Redesigning your website offers the perfect opportunity to consider accessibility. Rather than creating your site and trying to implement improvements later, begin with accessibility in mind.
Not only can you work in a timely, cost-efficient manner, but you can also optimize your site from the start, accommodate more users, and integrate accessibility as a top priority in your organization.
Best practices like those of the Web Content Accessibility Guidelines (WCAG) exist and outline well-accepted rules to help you.
Start optimizing your site from the ground up
Whether you develop and manage your website in-house or by using a third party, starting with accessibility in mind means you can optimize the foundation of your site and avoid costly fixes in the future.
Even before development begins, you should start asking important questions such as:
- What accessibility standards should we follow?
- Who is responsible for our site’s accessibility?
- Is our template, design, and/or vendor’s platform accessible?
By clearly answering questions like these, you can make sure that accessibility is one of the factors that guides your site’s creation. This helps you set clear goals for your development team, or if you’re using a vendor, you can identify any issues with their platform that stand in the way of your goals.
When you define who is responsible for your site’s accessibility and which guidelines to follow, you’re better prepared to optimize your site for all users.
Reconsider your ideal user
Your site’s redesign sometimes allows you to hit the reset button on a few areas, one of which could be the users you want to target.
Oftentimes, organizations design for their "ideal" user, which can create accessibility barriers and alienate users who don’t fall into that category. In the United States, this can include the roughly one-in-four adults with a disability.
When you have a solid foundation on which to build your website, you can start designing to reach your accessibility goals and target more than your ideal user.
For example, choose a color palette that offers plenty of accessible color combinations. This is helpful to make sure content is easier to read in general, but especially for those who have a color vision deficiency or require a higher contrast to confidently read the content.
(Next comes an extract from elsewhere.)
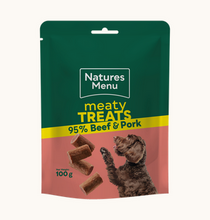 Load image into Gallery viewer, Natures Menu - Beef &amp; Pork Meaty Treats 100g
Use the a11y® Color Contrast Accessibility Validator to help ensure your color scheme has adequate color contrast.
Another area to consider from the beginning is keyboard accessibility. Many people use only a keyboard, keyboard, emulator, or other input device, so it’s important to make sure your site is accessible even without the use of a mouse. In fact, you can Give Yourself an Accessibility Test to help redesign your site with this in mind, so you can provide the intended experience for more users.
Of course, consider accessibility when designing all elements of your site. Prioritizing accessibility in site structure and navigation, with a mobile-friendly design, can make it easier to filter accessibility throughout every level of the site and add benefits like improved search engine optimization (SEO).
Redesigning your website to be more accessible means that you can appeal to a larger audience, which benefits your organization and your users.
Integrate accessibility into your organization
With your website’s redesign, you can make accessibility a top priority in your organization. From planning to development and beyond, it’s important to realize that accessibility requires regular monitoring and maintenance. By prioritizing accessibility, you can align your resources to ensure that you meet the needs of users now and in the future.
One key component is having the right expertise, whether you’re working with in-house experts or external talent. These accessibility professionals are qualified to help you meet requirements, implement best practices, and make sure that you keep up with standards. They can also help you define processes and roles that are vital to your site’s redesign, as well as to any changes or enhancements that you make later.
When you strive to make your website more accessible, it’s extremely helpful to get all your teams thinking about accessibility. This ensures that from the beginning, you hire the right experts and allocate your resources appropriately. By making accessibility a top-of-mind priority in your organization, you’ll be able to redesign your website to provide the best experience for all users.